I am also working on a "taxonomy", that is, a categorization of terms related to the product, the market, content types and the methods of using the invention; these categorized terms will make their way strategically onto the website, related blogs, and linked sites. It helps keep things organized. This should also help search engines understand the site(s) with a higher degree of certainty and relevance, and help also identify similar, related or strategic sites to/from which my site should link (either directly or as an affiliate). A network of sites and affiliates (i.e. advertising agreements with other niche merchants, or outfits like Ebay and Amazon) is thus created, around a common theme and terms, elevating (hopefully) the visibility of the network (and therefore funneling people who want to buy my stuff) to the target audience. This kind of taxonomy work is also helpful in creating the marketing messages and packaging for the new invention, and describing it to retailers (matching it to their products), manufacturers and press agents. A taxonomy can also help define the 'lifestyle' the product promotes.

How do you keep track of all these sites, you say? Use http://del.icio.us.

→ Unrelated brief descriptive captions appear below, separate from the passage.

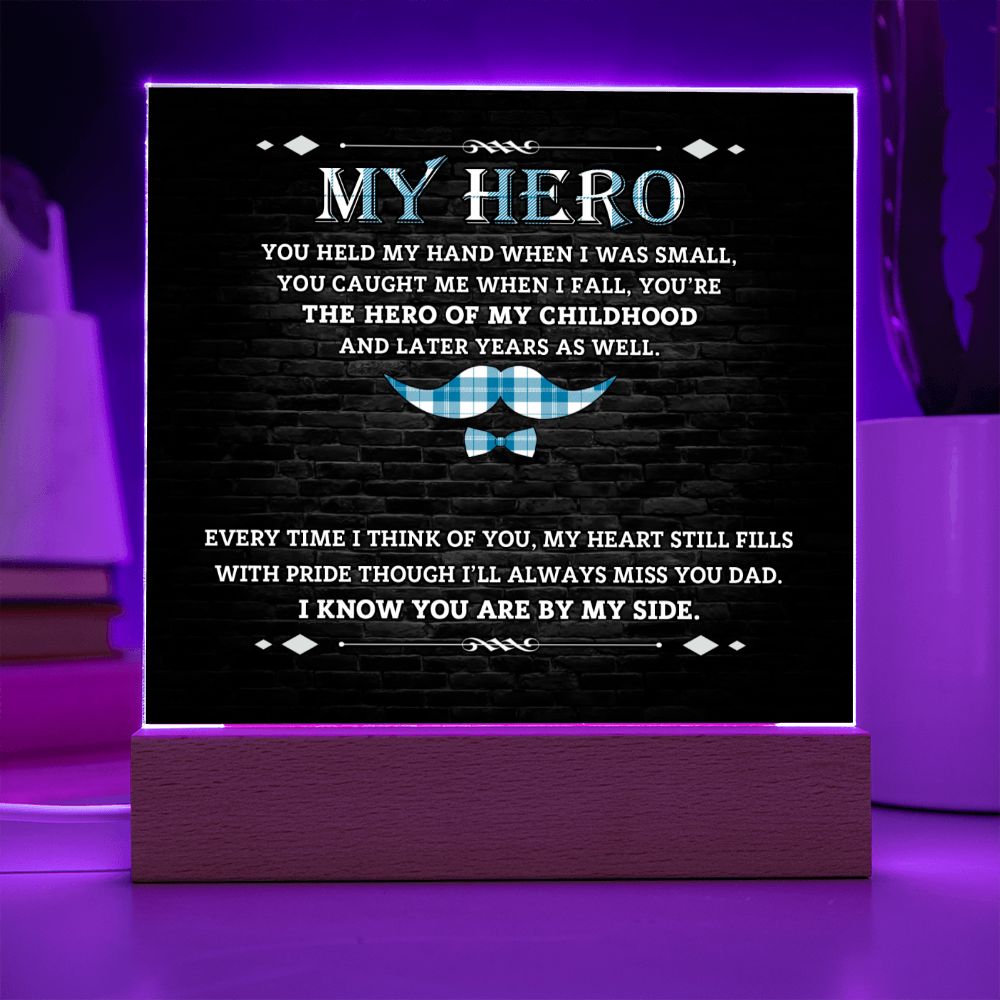 To Father - My Hero - Square Acrylic Plaque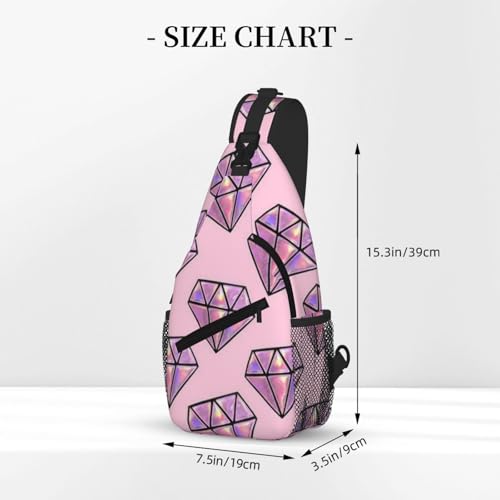 Cross Chest Bag Diagonally-Pink Diamond Pattern Print Durable Hiking Daypacks With Large Capacity For Women Men3
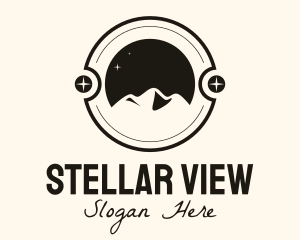 Stargazing - Night Mountain Stargazing Badge logo design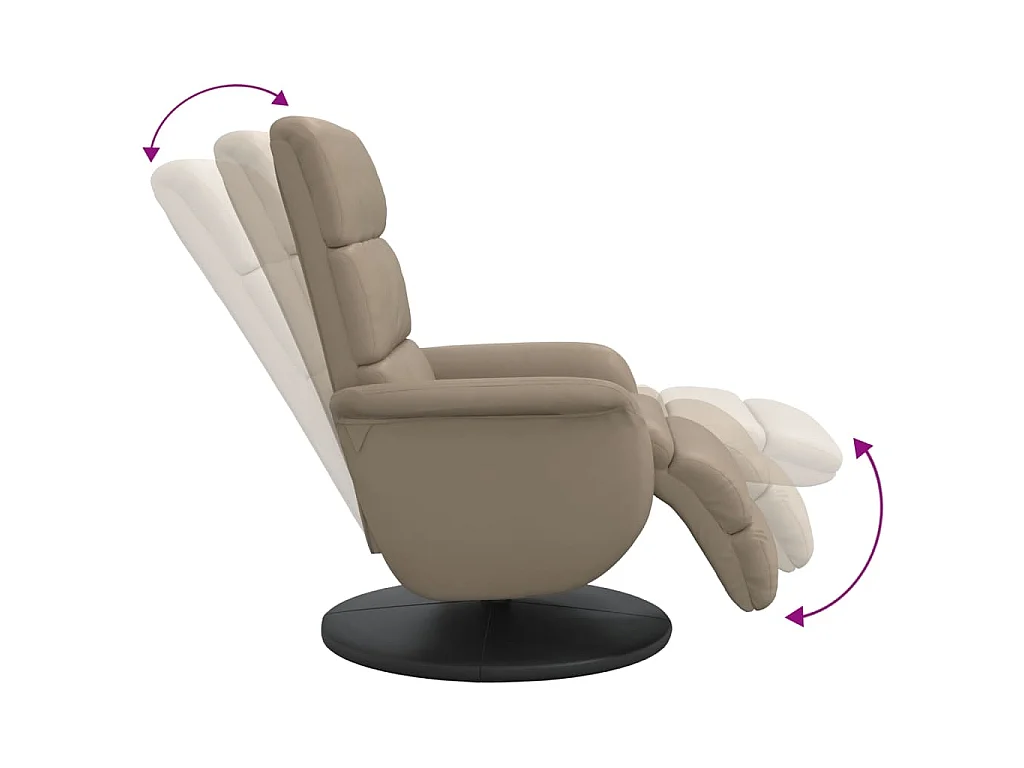 Fauteuil inclinable avec repose-pieds cappuccino similicuir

Who knew a single idea could blossom into not one business, but an entire network of businesses - all in the name of paying for the kids' college. Well, the living expenses, anyway, as we've already funded through pre-paid state programs the tuition. That's another whole story, as are the ridiculous and nonsensical ranges of construction mortgage quotes we got today for an ongoing construction project.

Wednesday, February 01, 2006

(22) DOB: 2/1/2006

It lives! Finally have my hands on an actual Prototype model, made via a 3-D printer my designer had access to in his SolidWorks classes. It was made using the "SLS" method, or basically a kind of powder laid down, heated, and built up in the shape of the prototype (using the CAD .sla files). The model is kind of fragile, feels like a sandcastle. Very nice feeling to actually touch and feel the model. Good thing it was made, too, before spending $3K on the first run of 8 prototypes (using FDM or SLA); we discovered an opening wasn't quite large enough, a couple of minor tweaks.

Regarding Rapid Prototyping methods, I've got two quotes from 2 different kinds; FDM (basically ABS plastic pellets spit out like a bubblejet printer, building up the model), and SLA (basically layers of liquid urethane successively laid down, heated and fused). The FDM seems like it will be quicker and a bit more durable/possibly flexible (and a little more expensive), the SLA seems like it's harder but more brittle. This is base purely on Internet research and feedback from some Inventor discussions. I've got 4 pieces, 1 large and complex, 2 smaller, and 1 small and easy (i.e. 4 .sla CAD files). The FDM price is about $2200, and the SLA price is about $3100, for 8 prototypes of each of the 4 files. Some discounting for multiple units, but with SLA, this particular manufacturer had 'trays' set up in their machine for lots of 6, so anything over 6 and they need to use a new tray, with less discount. I'll probably try the FDM, first (which prints one at a time).

Now need to concentrate on the other pieces and parts, making sure to order each in sizes that match the final CAD files of the plastic parts. Certainly am spending extra money on little parts that end up not being the right size - lots of trial and error.